March 2018, Part I
Macy’s Inc. Associate Finds Second Chance To RISE Up. The National Retail Federation (NRF) showcased the story of Macy’s Inc. Associate David Townes in a recent video. During remarks given at the NRF Foundation Gala in January, Townes credited the RISE Up Retail Industry Fundamentals training and credentialing program for helping him find a second chance in the service sector. “Before you stands living proof that the RISE Up program and companies, businesses like Macy’s that really care, not only help to change lives, they help to save lives,” said Townes.

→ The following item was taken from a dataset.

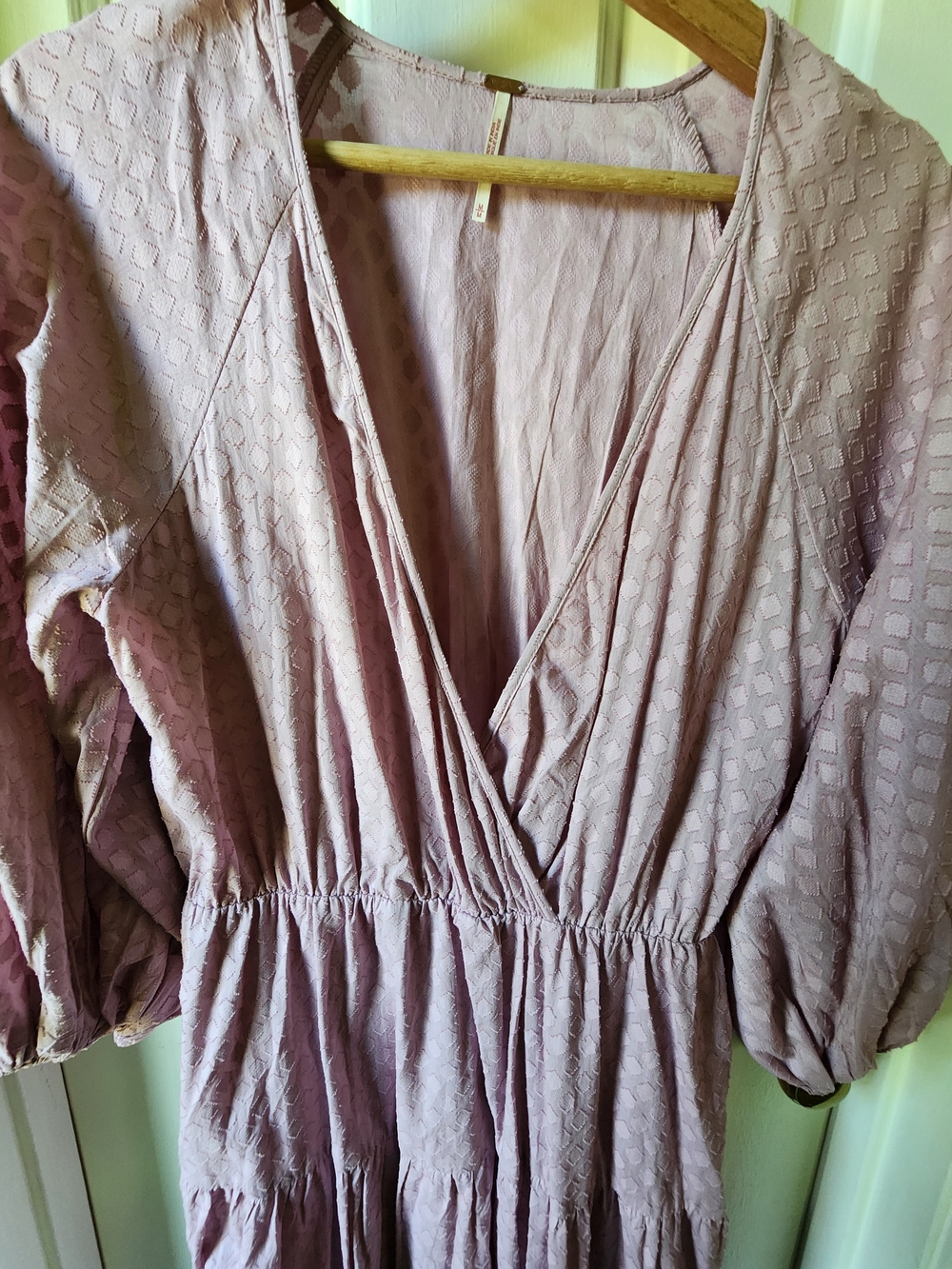 Free People Like Air Mauve Wrap Midi Dress with Puff Sleeves - Picture 5 of 7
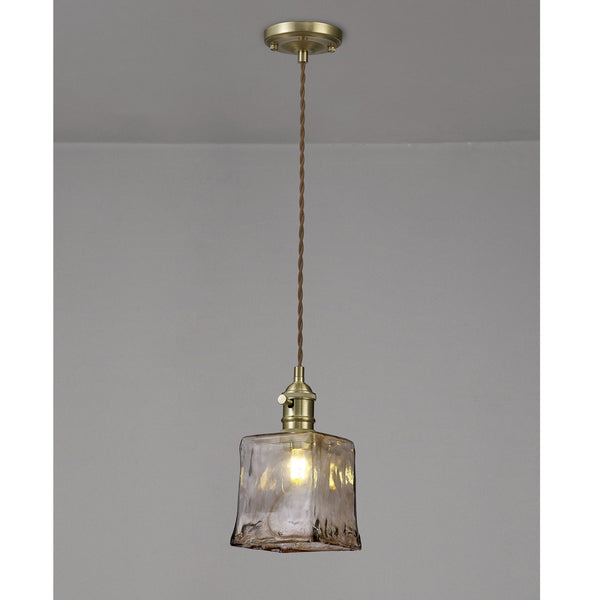 Worlington Switched Pendant in Brass with Gold Twisted Cable & Brown Square Glass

North Dakota High School Students Learn Kitchen Basics. In a recent series exploring courses offered by Southeast Regional Career and Technical College, the Wahpeton Daily News highlighted a restaurant management and chef training class designed for area high school students. Taught by restaurant owner Jerry Prante, the 36-week culinary arts course combines web-based curriculum and lab work in the kitchen, where participants learn skills from broiling and deep frying, to budgeting and safety. “I’ve had some students who have gone on to college and are still working in the industry,” explained Prante.
Lowe’s Unveils New Employee Education Program. On March 1, Lowe’s rolled out a new employee education program called “Track to the Trades,” reported CNBC. With a four-city pilot in Charlotte, Denver, Pittsburgh and Richmond, the home improvement retailer is offering staff financial assistance to pursue certifications for trade skills, such as electrical, plumbing and appliance repair. “We are providing unique career alternatives for our associates while also building a pipeline for the next generation of skilled trade workers, allowing us to better meet the demands of customers while creating long-term educational benefits and economic opportunity for our people,” said Lowe’s chief human resources officer Jennifer Weber.
NFL Players Try Retail To Prepare For Life After Football. Last month, NFL players took to the Manhattan NBA store to experience what it’s like to work in retail, reported the New York Post. Pittsburgh Steelers quarterback Josh Dobbs and Chicago Bears running back Jordan Howard were among those who spent the day making jerseys, working the cash register and tidying up the store. Spearheaded by sports merchandiser Fanatics, the program is part of a NFL Player’s Association externship program to prepare athletes for life after football. Fanatics is hosting players for three weeks at its warehouse facilities, offices and stores.